Buying decoration on-line you can end up with getting something that you was not expected. It's hard to tell what is it based on pictures.

I recommend you visiting Big All's stores. They have a lot of different decorations on sale.

I hope this is help


----------



## Joeee (Apr 3, 2010)

PetSmart had a few things reduced to clear. I saw a few $30 decorations for $5.


----------



## ilikefish (Mar 10, 2008)

Went to pet smart. Much cheaper and larger decorations. Not on sale reg price.


----------



## AquariAM (Jan 28, 2010)

Be very careful of "BS" aquarium decorations like little statues, ships, fake rocks. They are usually safe but sometimes they are poorly made and leech VOC's into your tank.

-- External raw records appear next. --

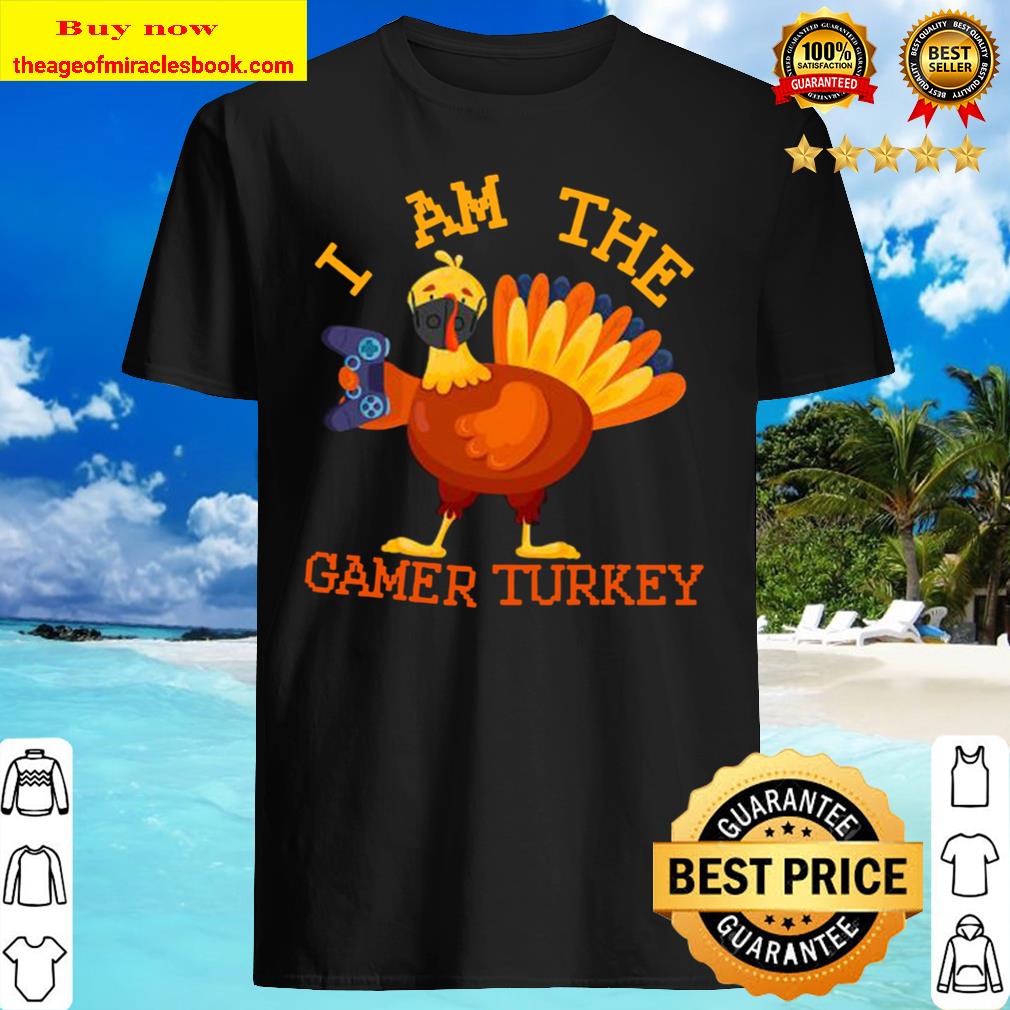 I am the happy thanksgiving gamer turkey mask Shirt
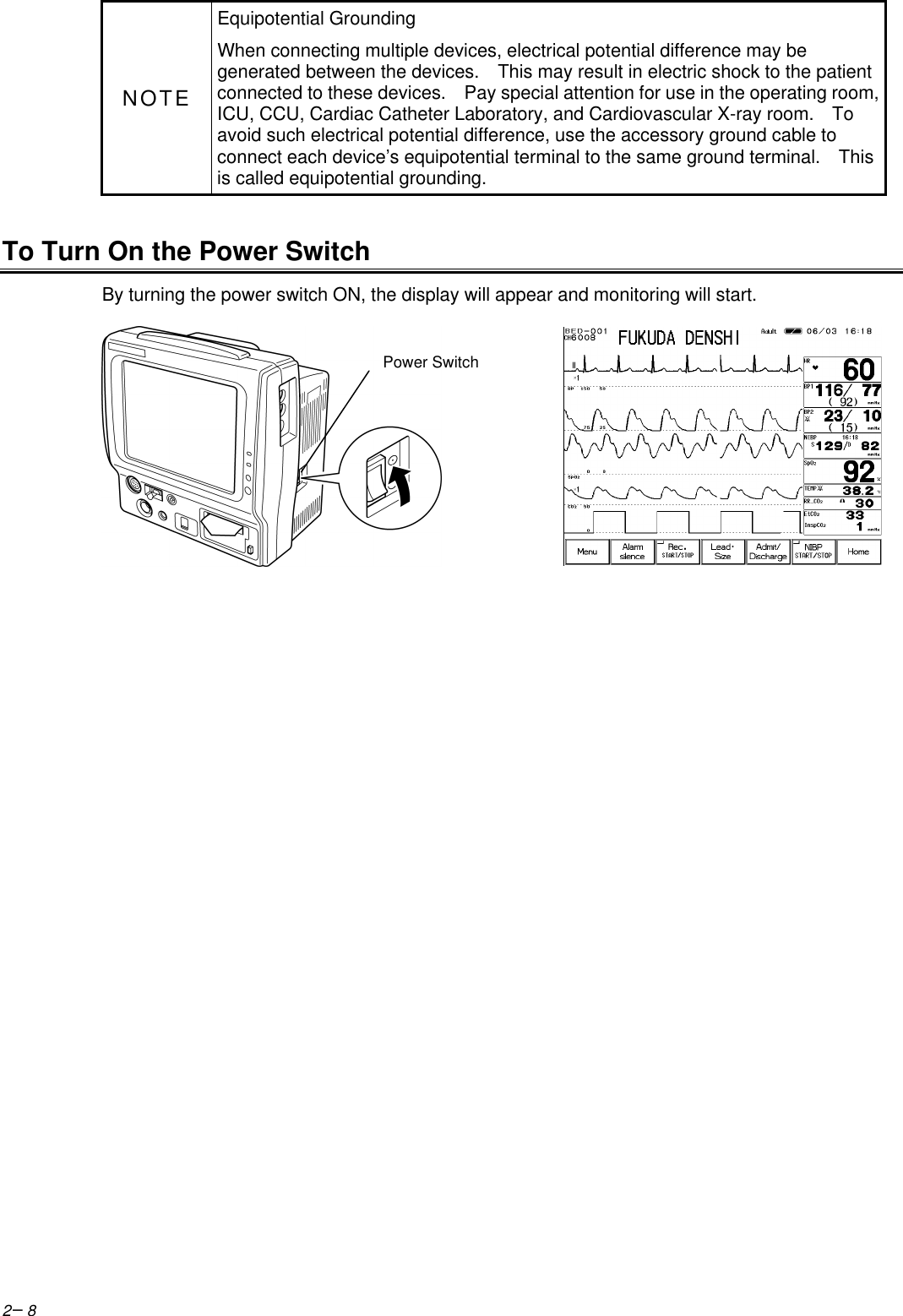 2−8NOTEEquipotential GroundingWhen connecting multiple devices, electrical potential difference may begenerated between the devices.   This may result in electric shock to the patientconnected to these devices.   Pay special attention for use in the operating room,ICU, CCU, Cardiac Catheter Laboratory, and Cardiovascular X-ray room.   Toavoid such electrical potential difference, use the accessory ground cable toconnect each device’s equipotential terminal to the same ground terminal.   Thisis called equipotential grounding.To Turn On the Power SwitchBy turning the power switch ON, the display will appear and monitoring will start.Power Switch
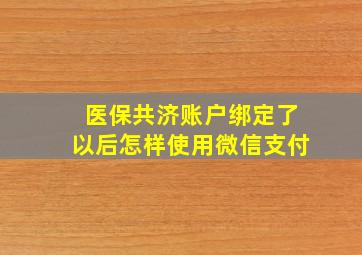 医保共济账户绑定了以后怎样使用微信支付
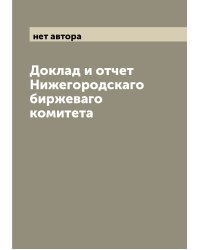 Доклад и отчет Нижегородскаго биржеваго комитета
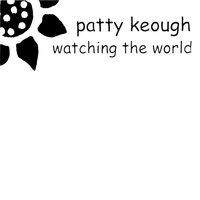 PATTY KEOUGH: Watching the World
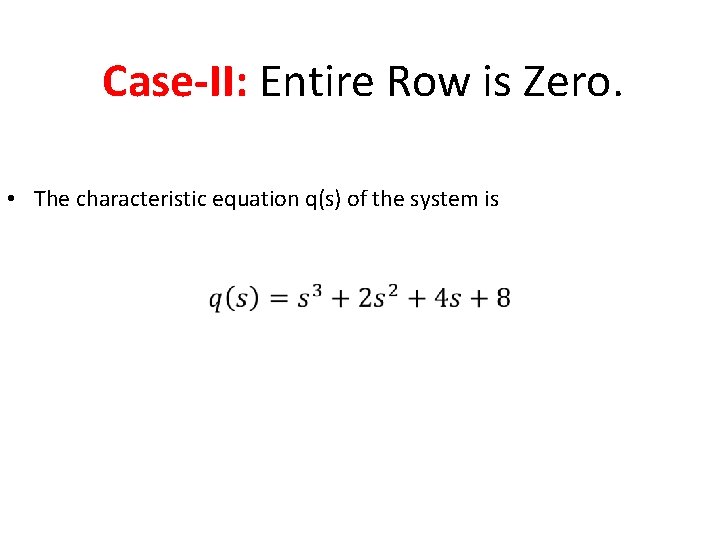 Case-II: Entire Row is Zero. • The characteristic equation q(s) of the system is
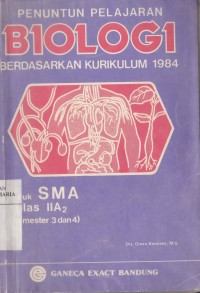 Penuntun Pelajaran Biologi untuk Kelas IIA2 (Semester 3 dan 4)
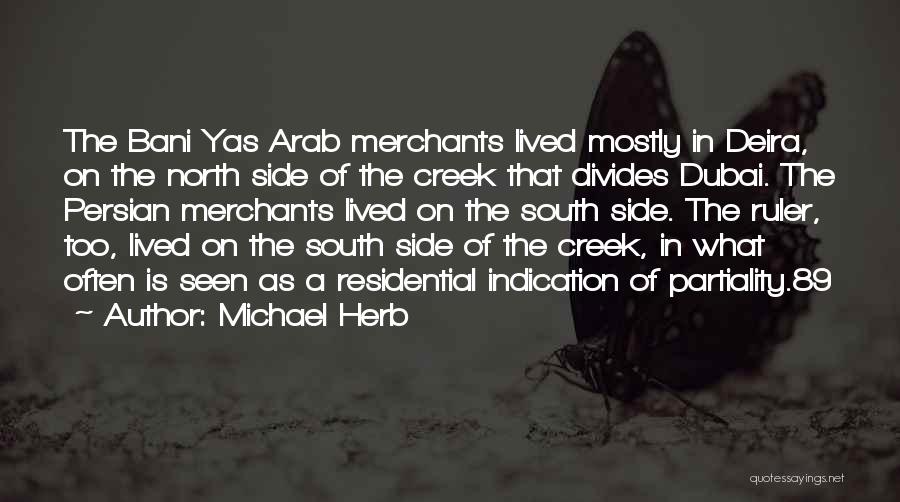 Michael Herb Quotes: The Bani Yas Arab Merchants Lived Mostly In Deira, On The North Side Of The Creek That Divides Dubai. The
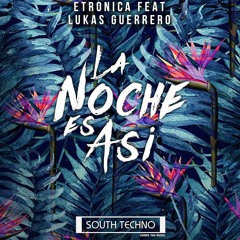 Etronica Ft. Lukas Guerrerro - La Noche Es Asi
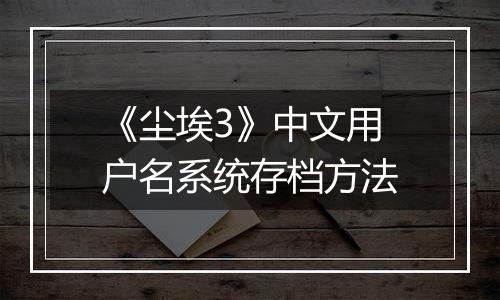 《尘埃3》中文用户名系统存档方法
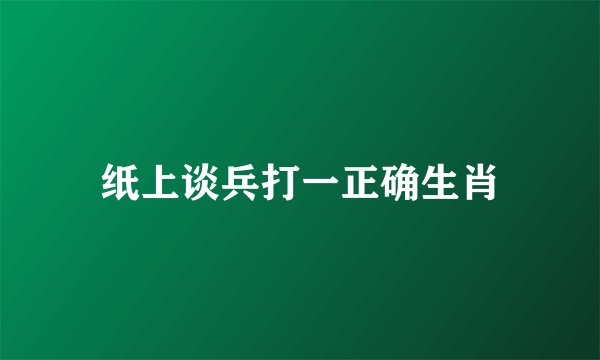 纸上谈兵打一正确生肖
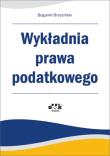 Wykładnia prawa podatkowego. Autor: prof. dr hab. Bogumił Brzeziński. Dadada.pl Okładka książki Wykładnia prawa podatkowego
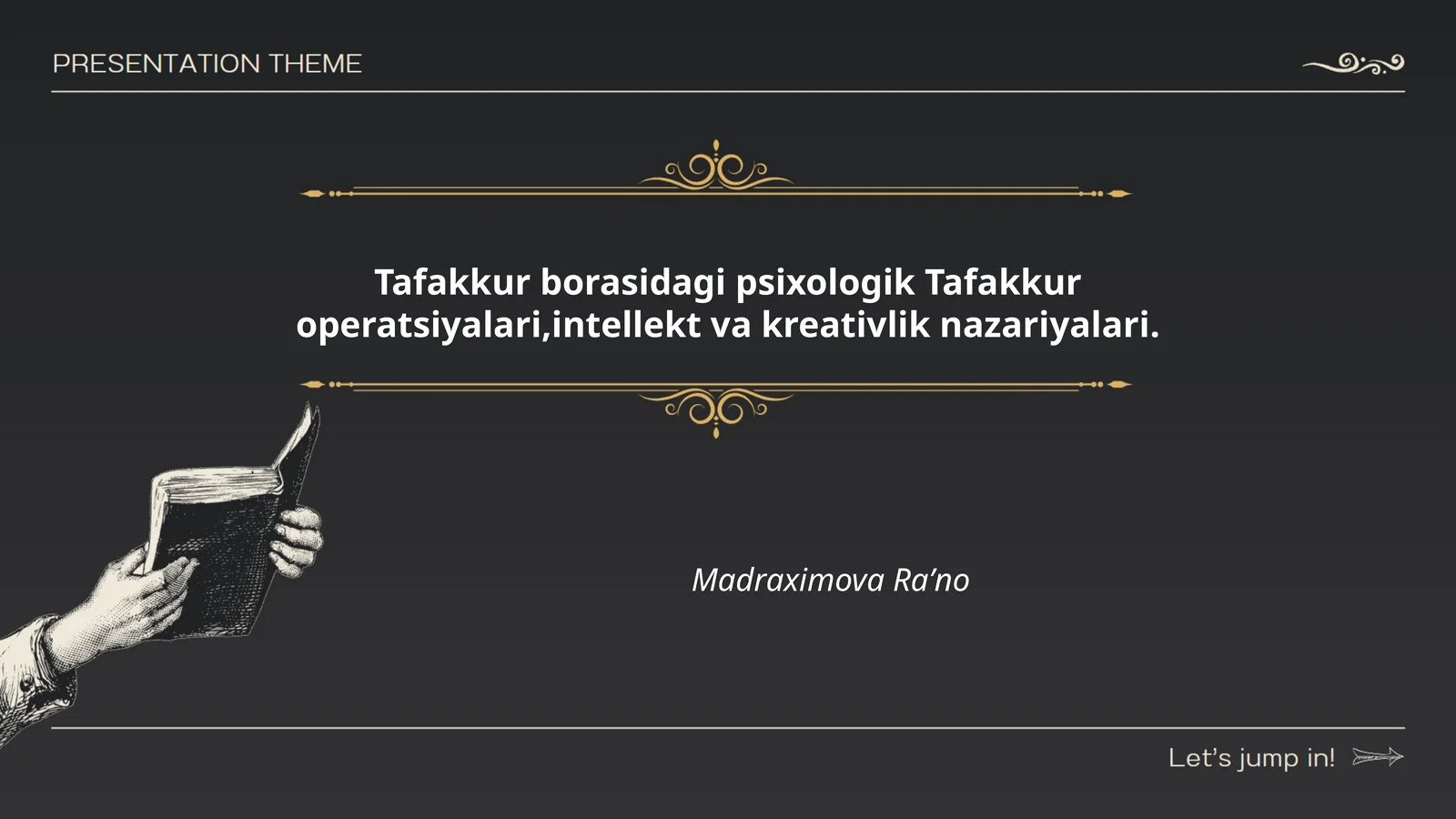 Tafakkur borasidagi psixologik Tafakkur operatsiyalari,intellekt va kreativlik nazariyalari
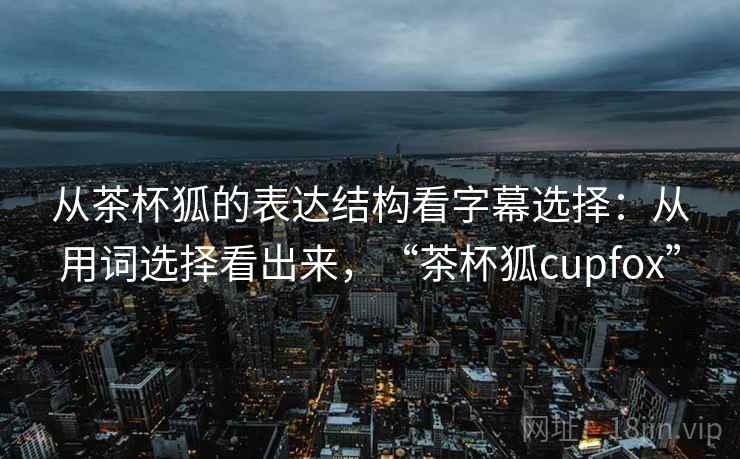 从茶杯狐的表达结构看字幕选择：从用词选择看出来，“茶杯狐cupfox”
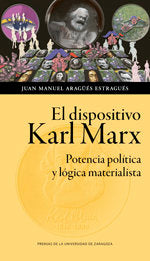 EL DISPOSITIVO KARL MARX, de ARAGUES ESTRAGUES, JUAN MANUEL | portada del libro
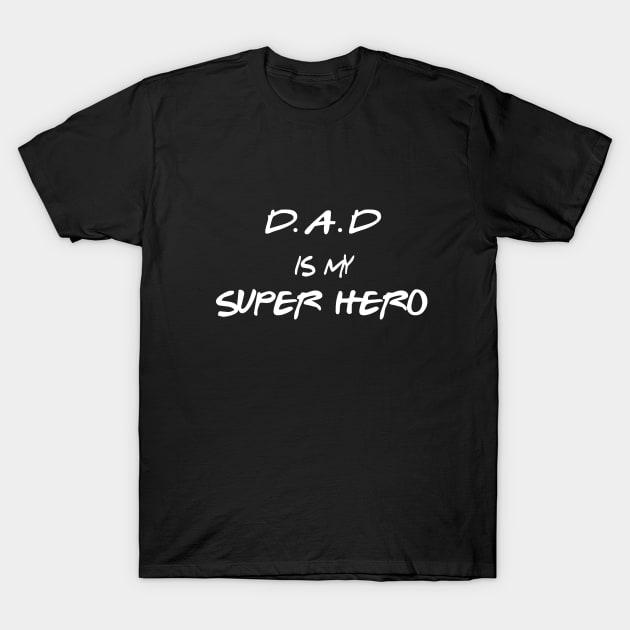 My Dad Is My Superhero T-Shirt by The Tee Tree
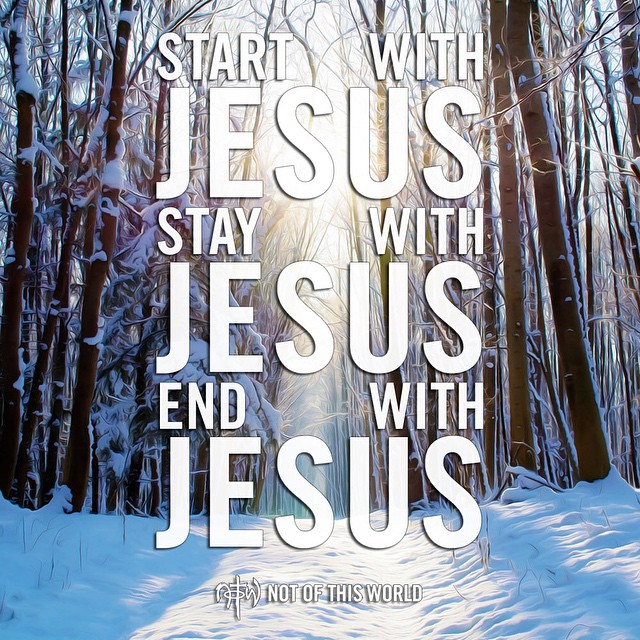 Start with Jesus. Stay with Jesus. End with Jesus. #NotOfT… | Flickr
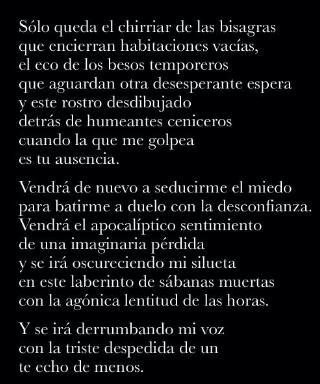 Se irá derumbando mi voz con la triste despedida de un... te echó de menos.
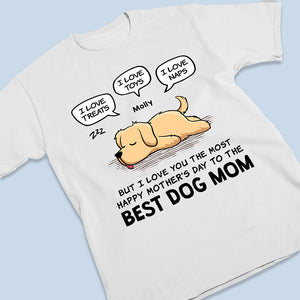 But I Love You The Most - Dog Personalized Custom Unisex T-shirt, Hoodie, Sweatshirt - Mother's Day, Gift For Pet Owners, Pet Lovers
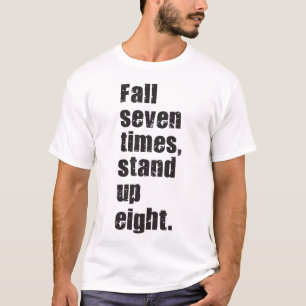 Gym Motivation - Herfst zeven keer, sta op acht T-shirt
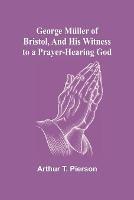 George Muller of Bristol, and His Witness to a Prayer-Hearing God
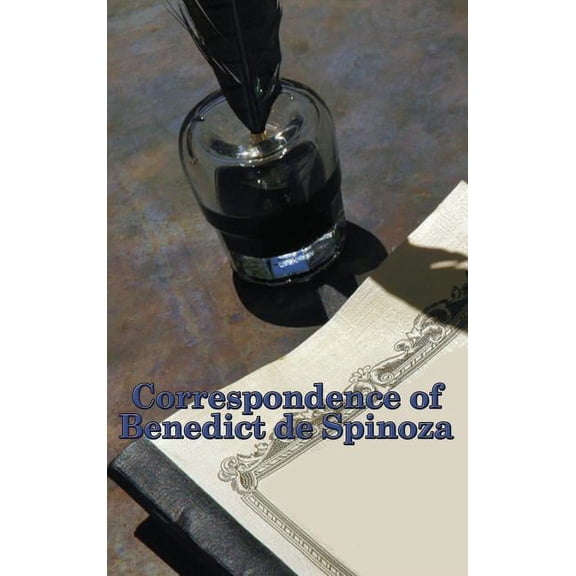 Correspondence of Benedict de Spinoza: Letters on Philosophy, God, Nature, and Freedom, (Hardcover)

In my opinion the only decorations you should buy from a pet shop are pieces of driftwood. Rocks can be had for next to nothing from a landscaping place like Betz cut stone. Anything else is more for you than the fish, ie, plastic plants, fake rocks etc. Sometimes plastic plants can be used effectively and make a nice environment for fish but with some plants being so hard to kill, like anubias or hornwort, and long branchy driftwood being readily available, I don't see the point personally. You're also going to save money.


----------



## Joeee (Apr 3, 2010)

ilikefish said:


> Went to pet smart. Much cheaper and larger decorations. Not on sale reg price.


That's odd, the one at Heartland had a lot of stuff on sale.


----------



## KhuliLoachFan (Mar 8, 2008)

AquariAM is right: Stay away from "decor" other than plastic plants (which are sometimes nice), or real driftwood. 

First, those resin things are expensive, but look cheap, and ruin the look of your tank. Even if you don't think so now, you will, soon. you will. 

In one year or less you will want that gargoyle-sitting-on-the-ruins-of-a-roman-aquaduct OUT of your sight forever, and it will sit in the garage until your next garage sale. Seriously. Same thing with Scuba Dave. Etc.

One reason I'm thankful for the TWAS club is I can take that decor stuff that I regret buying and sell it for $1 or $2 at the auction.

W


----------